On September 7 this year, Purnima Govindarajalu, a researcher from Canada began a petition on Change.org, asking the government of India to allow adult survivors of sexual abuse to report the harassment to the police. Her demand to remove time limitations for such complaints, has has now found the support of a member of Parliament, namely DMK's Kanimozhi.

The petition addressed to Law minister Ravi Shankar Prasad and Women and Child Development minister Maneka Gandhi outlines Purnima's harrowing experience as a child in India. She alleges that her cousin's husband molested her by putting his hands and mouth on her private parts. The abuse continued till she was 13 and Purnima says that she was too ashamed and confused to talk to anyone about it. But as an adult, when she realised what had happened she chose to file a complaint against her alleged abuser.

But the law in its current form does not allow for that.

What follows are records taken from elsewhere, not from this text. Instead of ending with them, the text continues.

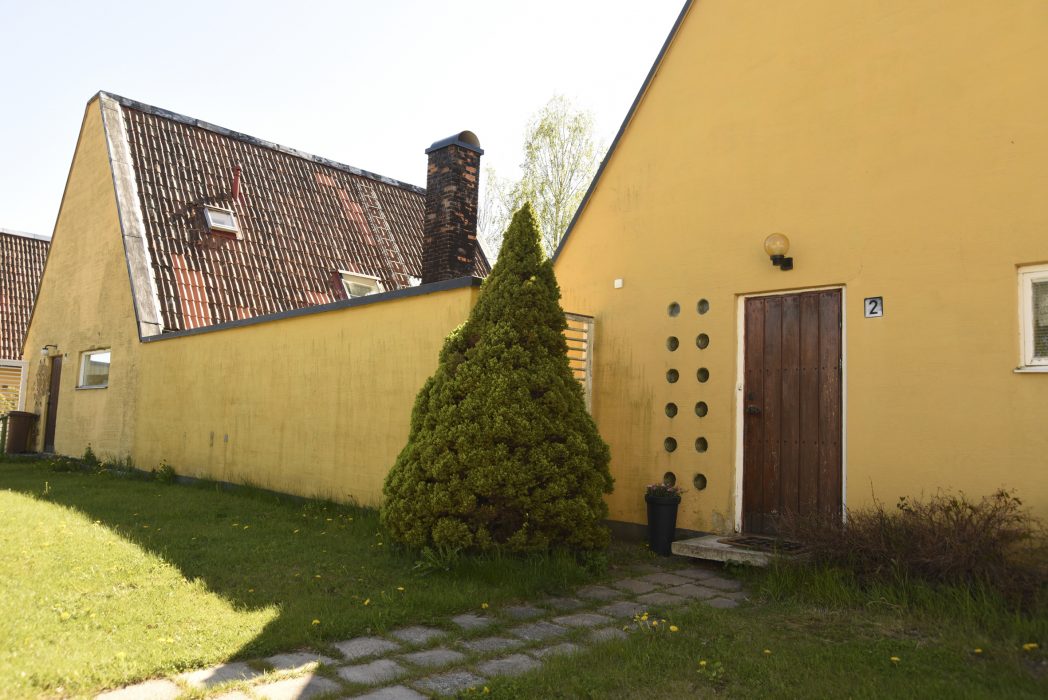 De gula kedjehusen anses vara en arkitektonisk pärla i byn.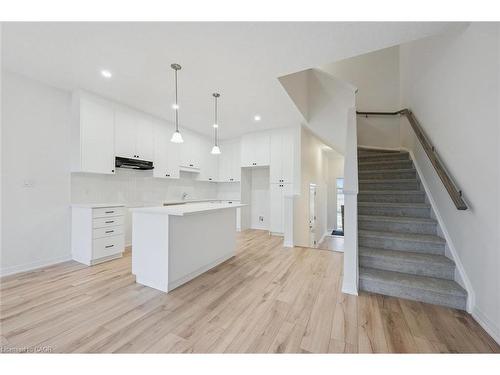 105 Winter Wren Crescent, Kitchener, ON - Indoor Photo Showing Kitchen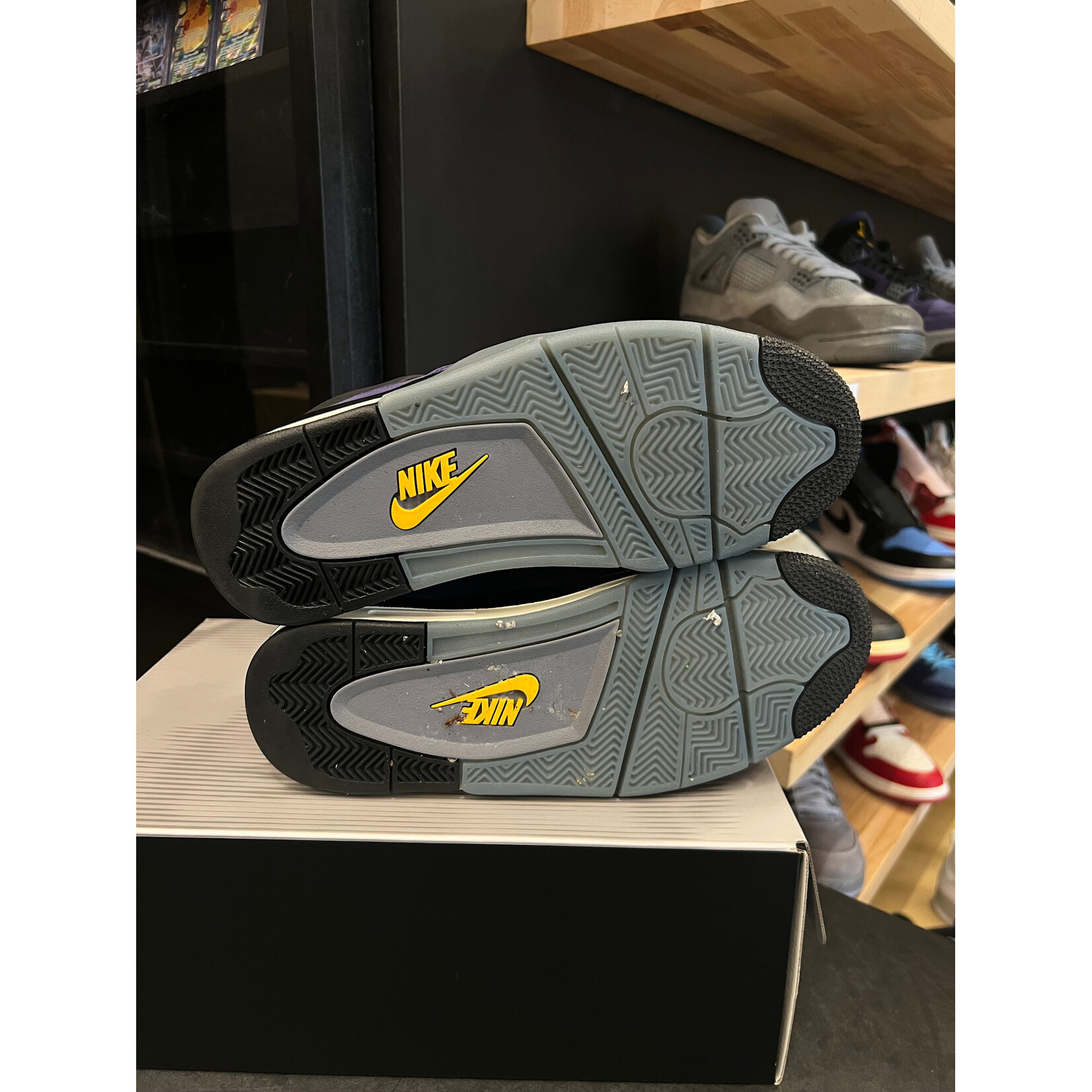 Jordan Jordan 4 Retro Lakers Size 10, PREOWNED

First because the POCSO Act, which came into force in 2012, cannot be applied retrospectively. And second, at the time of the alleged abuse, penetration by finger or tongue did not fall under the definition of rape under IPC 376. What Purnima was subjected to, therefore, would only be termed molestation - for which the maximum punishment is less than three years.

This would mean that, under section 468 of CrPC, the crime can no longer be tried in court. The code says that any offence which is punishable by imprisonment between one and three years, cannot be taken cognizance of more than three years after the crime.

MP Kanimozhi who tweeted in support of the survivor on Sunday argues that such restriction must be done away with. "When a crime of this nature occurs, children don't understand what is happening and a lot of them tend to blame themselves," the DMK leader told TNM. "When they finally understand what happened and are ready to speak, we should take their complaint and ensure action follows," she adds.

When asked if she is ready to take up the matter in Parliament, Kanimozhi replies in the affirmative.

"Yes, I will definitely take this up in the Parliament when I can because the scars that this kind of abuse creates run too deep to be ignored. Pedophiles are usually repeat offenders ," she says. "An amendment has to be brought in the existing laws."

Lawyers that TNM spoke to however pointed out that the POCSO act which came into force in 2012 ensures that adult survivors can complain now. "The punishment under POCSO for such a crime is from three to five years. So hereafter, such an issue will not arise," says Akhila, a lawyer at the Madras High Court. "But question in this case is if the Statue of Limitations can be overcome in anyway," she adds.

Sudha Ramalingam, a human rights lawyer however argues in favour of some form of time limitation. "Every case must be handled as per the law. You cannot indefinitely keep quiet for practical reasons as well. If you come complain after 20 years there will be no evidence to prove your allegations and it will just be he said-she said in court. How will it result in any form of conviction?" she asks.

Experts further opine that complaints which come this late, can lead to more harm than good for the survivor.

"If a survivor wants to complain after a long gap since the incident, it has to be well thought out and not an emotional decision," says Vidya Reddy, of Tulir, Centre for Prevention and Healing of Child Sexual Abuse. "Are they ready to face any outcome that the case could have? Can they answer all the question in court? These are questions they must consider before taking this course of action," she adds.